Who needs an Emmy when you've got clicks?

This episode of Recovery is brought to you by caffeine, the cause of and solution to all of life's problems (with apologies to Homer Simpson).

Fun fact: The Simpsons -- the longest-running sitcom in history and arguably one of the most formative -- has never been nominated for a Best Comedy Emmy. I've got a theory that if the television voters had done so about 18 years ago, they wouldn't currently be in the embarrassing position of nominating for their awards "shows" that don't give a damn about television. Hear me out.

Pop-culture-inclined geeks who need to raise their blood pressure now and then need go no further than the awards process for movies and television shows, which mainly give awards to things that are similar to things that have already gotten awards. Those awards are mainly given out by the kind of people who think they're geeky because they wear glasses or can operate a Sidekick without electrocuting themselves -- not our kind, in other words.

And so geek sci-fi/fantasy pop culture has grown up alongside the mainstream, awards-bedecked type. Over the years, we upgraded from heartfelt but cheesy fare (e.g., original Star Trek, original Battlestar Galactica, MacGyver, Quantum Leap, In Search Of...) to well-executed, smart productions -- Buffy, Firefly, the Battlestar Galactica do-over, Deep Space 9, the Stargate universe, Nowhere Man, 4400, and so on. We're even capable of making smart, well-executed cheese -- right, Warehouse 13 fans?

Angela Gunn: Recovery badge (style 2)The mainstream has, in contrast, gone from forging a path -- I Love Lucy not just because Ms. Ball was incandescent but because Desi Arnaz had some amazing ideas about how TV shows should look -- to shoveling same-same dreck like "Everybody Loves The Grey Anatomy Of The King Of Queens," or whatever that mess was called. The innovation now is happening on cable and, as we see more clearly than ever before, out with the geeks on the Interwebs.
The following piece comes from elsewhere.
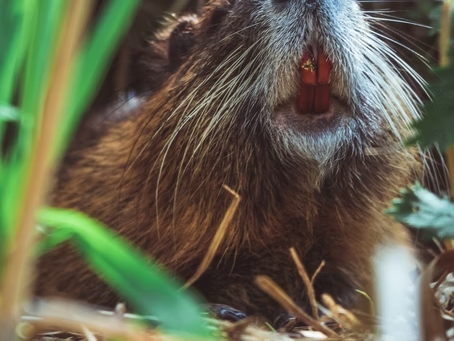 Beaver forest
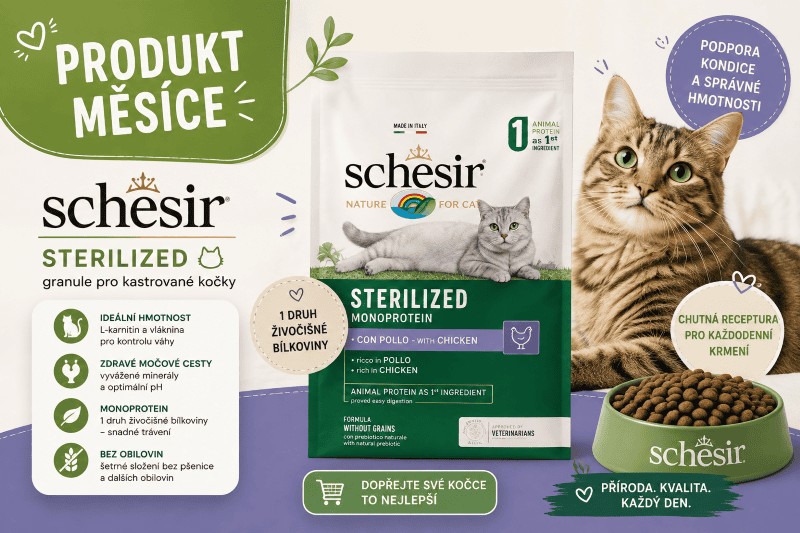 Produkt měsíce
Until this week I thought that was just one of those things the people who make TV were okay with; no one's forcing me to watch The Tudors, after all. But then I took a list at the nominations for Outstanding Special Class - Short-format Live-Action Entertainment Programs: NBC -- which had at least a few good ideas about the Internet as far back as their site for Homicide: Life On The Street -- is represented by a project connected to The Office; Battlestar Galactica, which collected minor nominations like wheat pennies but never rated acting or best-series noms, since that would require voting actors to watch some of that icky old science fiction stuff; Bruce Springsteen's Super Bowl halftime show; The Daily Show; and... what, now?

How did Dr. Horrible's Sing-Along Blog get an Emmy nomination? And why on earth would it want one?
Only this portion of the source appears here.